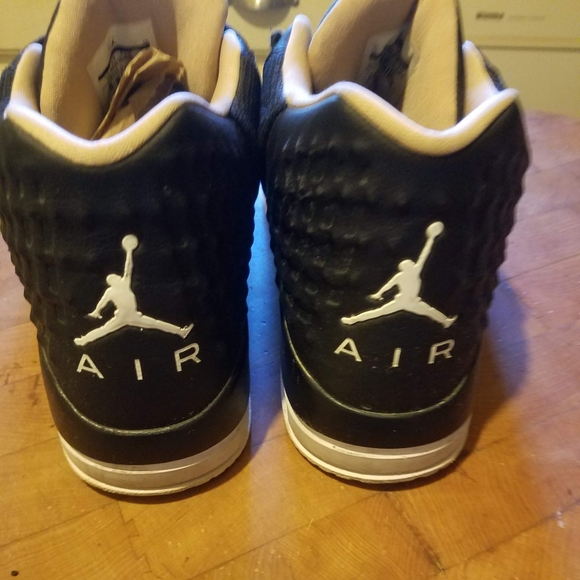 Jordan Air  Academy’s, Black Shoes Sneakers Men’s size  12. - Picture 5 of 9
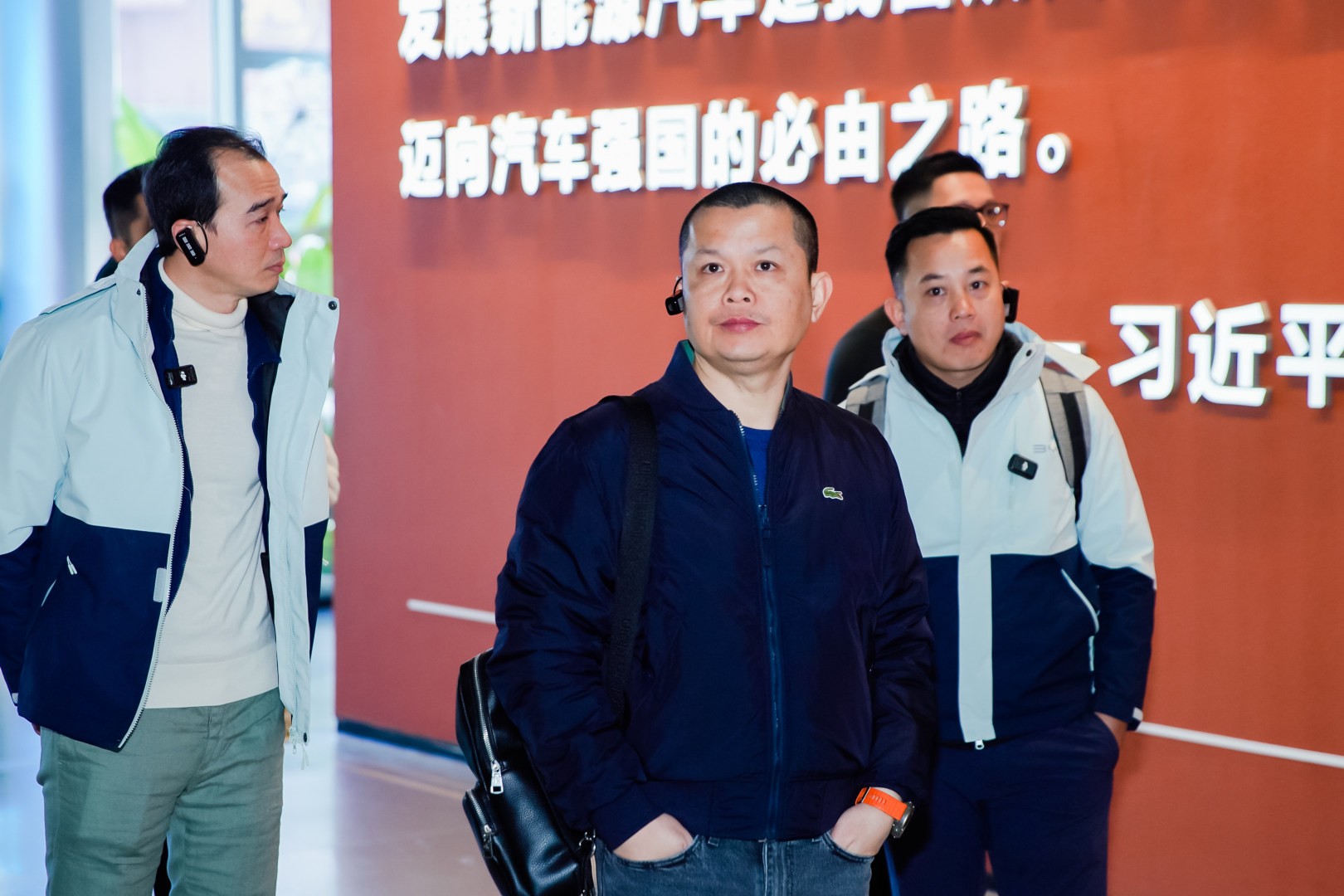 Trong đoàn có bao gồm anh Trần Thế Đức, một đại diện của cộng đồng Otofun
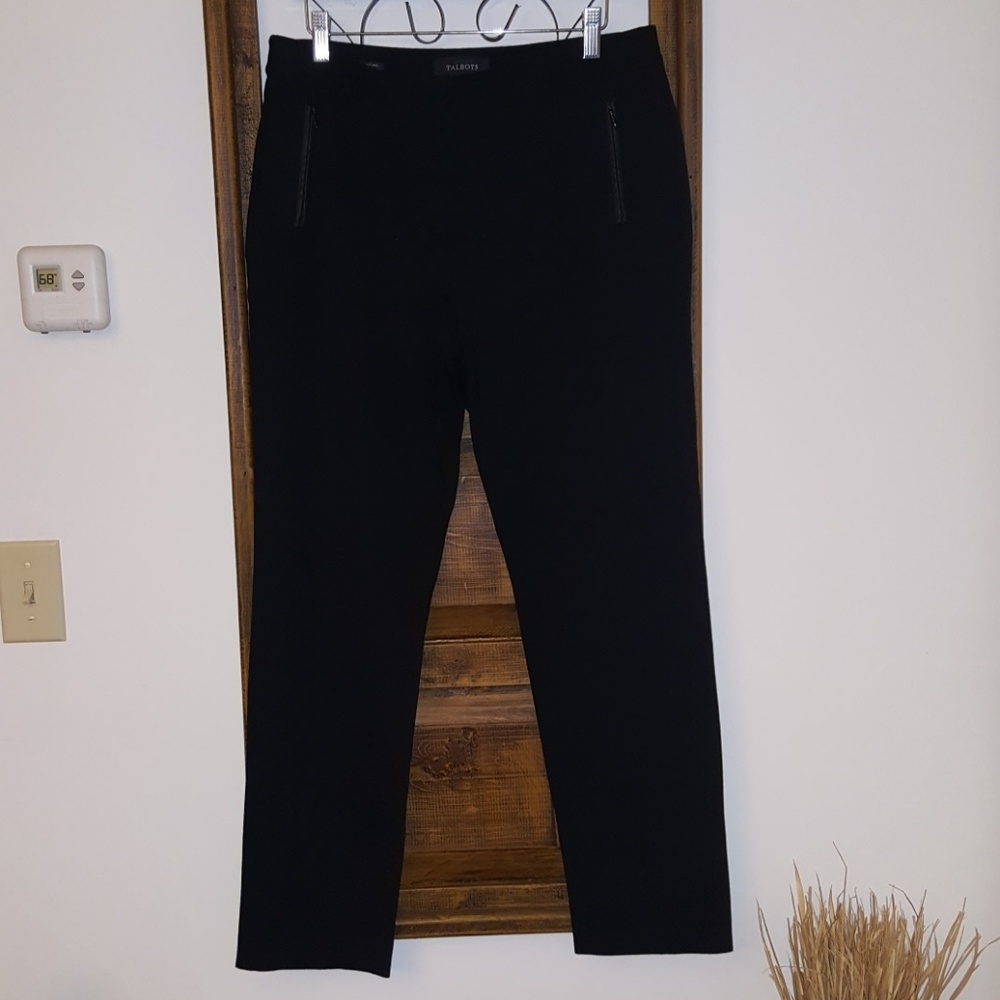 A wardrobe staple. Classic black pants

---

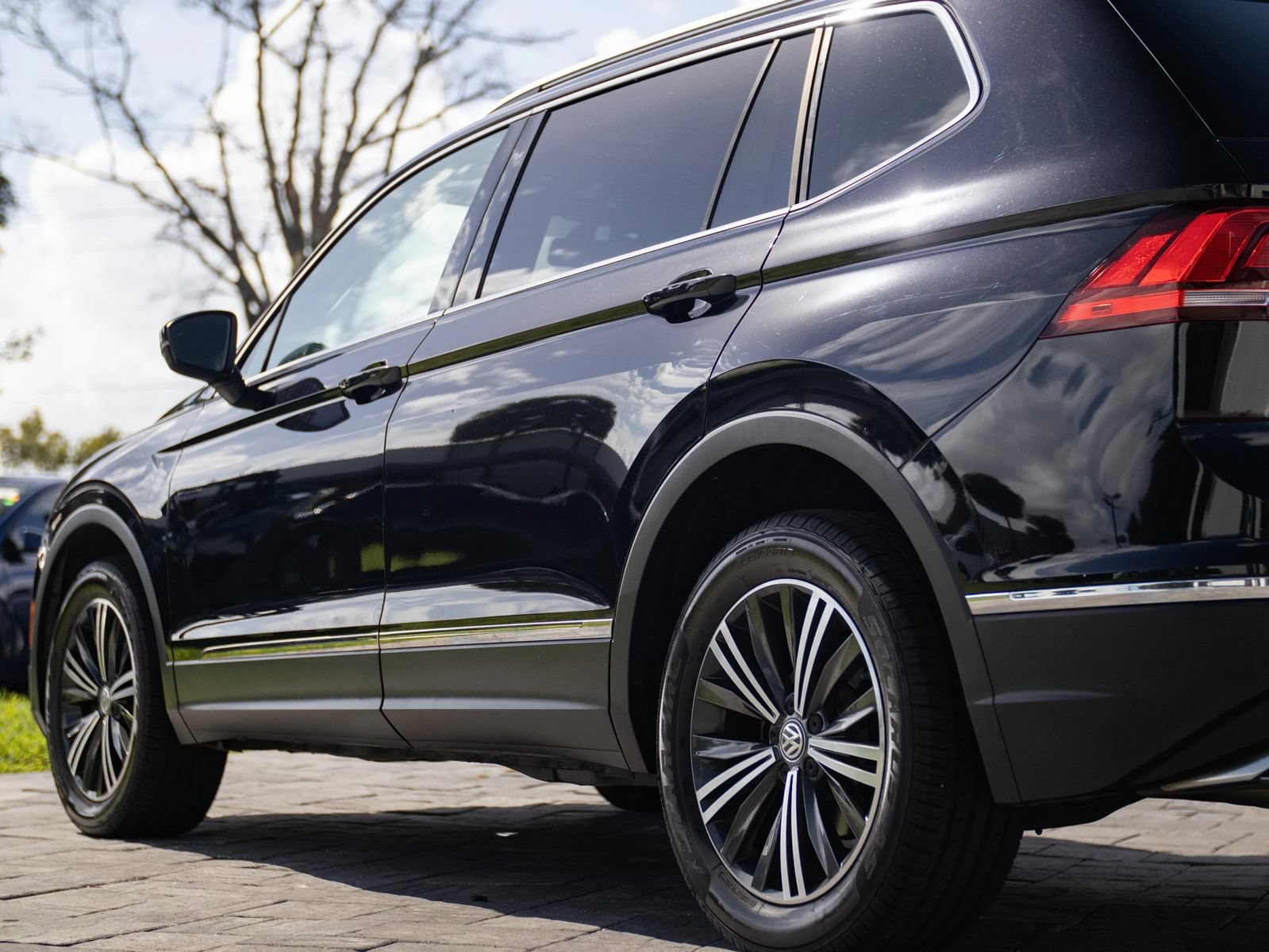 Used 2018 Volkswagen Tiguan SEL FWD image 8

WHAT YOU NEED TO DO: Could you transcribe exactly the entries above, but only the lines from the one with "Trong đoàn có" through the one with "A wardrobe staple. Classic black pants", and without pictures?

RESULT:
 Trong đoàn có bao gồm anh Trần Thế Đức, một đại diện của cộng đồng Otofun
 A wardrobe staple. Classic black pants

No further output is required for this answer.